[EXERCISE DATA — start]
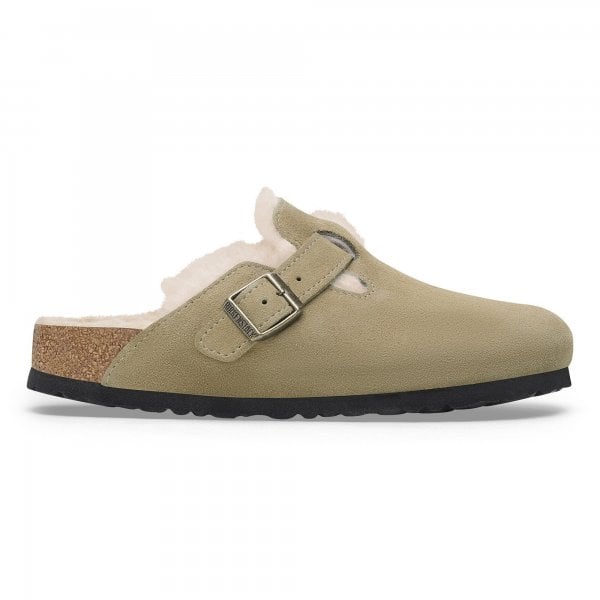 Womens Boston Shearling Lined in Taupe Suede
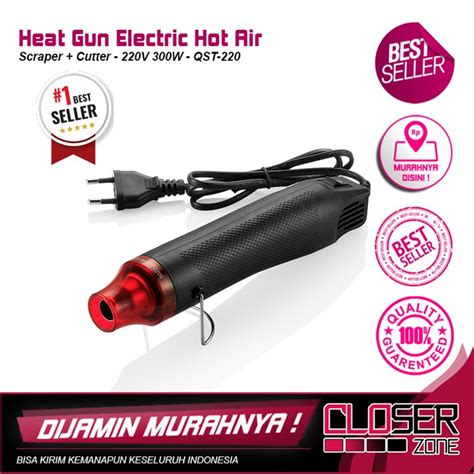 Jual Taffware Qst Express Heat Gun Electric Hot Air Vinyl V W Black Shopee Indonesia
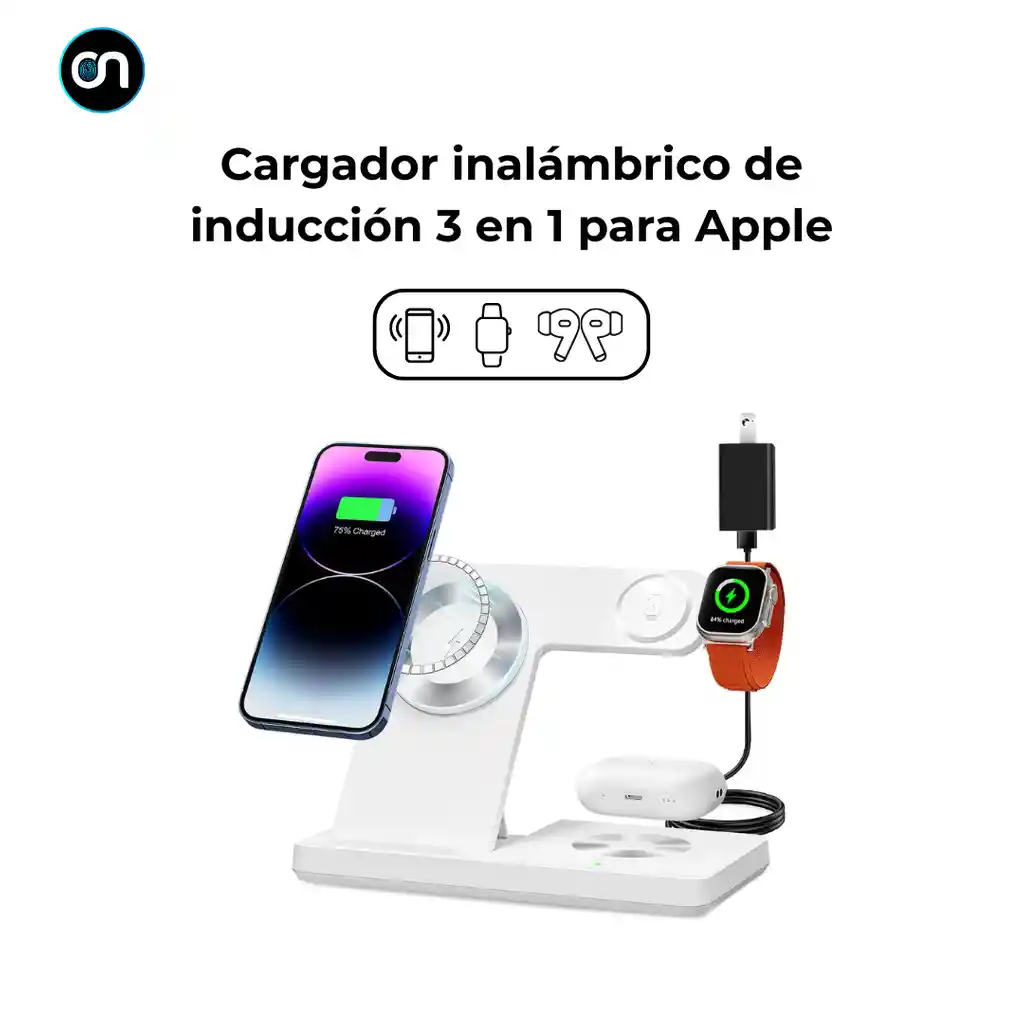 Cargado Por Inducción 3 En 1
[EXERCISE DATA — finish]
[EXERCISE DATA — start]
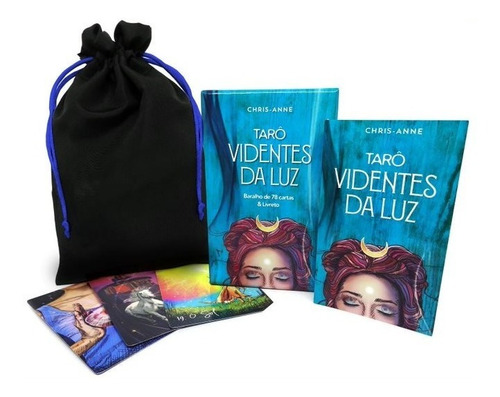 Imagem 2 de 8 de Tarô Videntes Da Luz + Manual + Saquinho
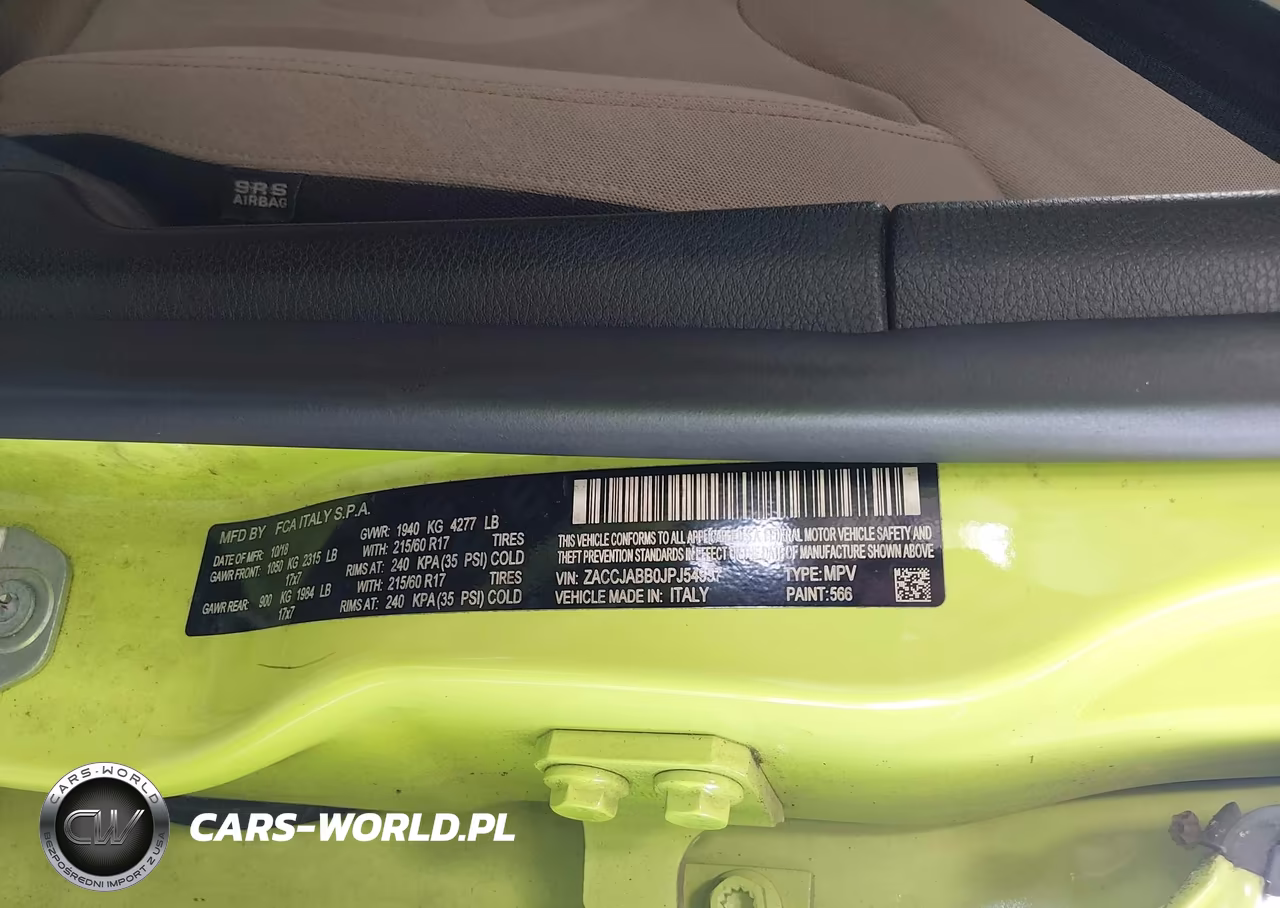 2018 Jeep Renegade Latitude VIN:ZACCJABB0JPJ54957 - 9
[EXERCISE DATA — finish]
[EXERCISE DATA — start]
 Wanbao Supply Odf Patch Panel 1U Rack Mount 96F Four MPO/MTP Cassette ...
[EXERCISE DATA — finish]
§ **WHAT TO DO**
The reply should hold exactly the lines above, starting at the line with "Womens Boston Shearling Lined in Taupe Suede" and ending at the line with "Cargado Por Inducción 3 En 1", and no pictures.

§ **OUTPUT FOR THIS TASK**
 Womens Boston Shearling Lined in Taupe Suede
 Jual Taffware Qst Express Heat Gun Electric Hot Air Vinyl V W Black Shopee Indonesia
 Cargado Por Inducción 3 En 1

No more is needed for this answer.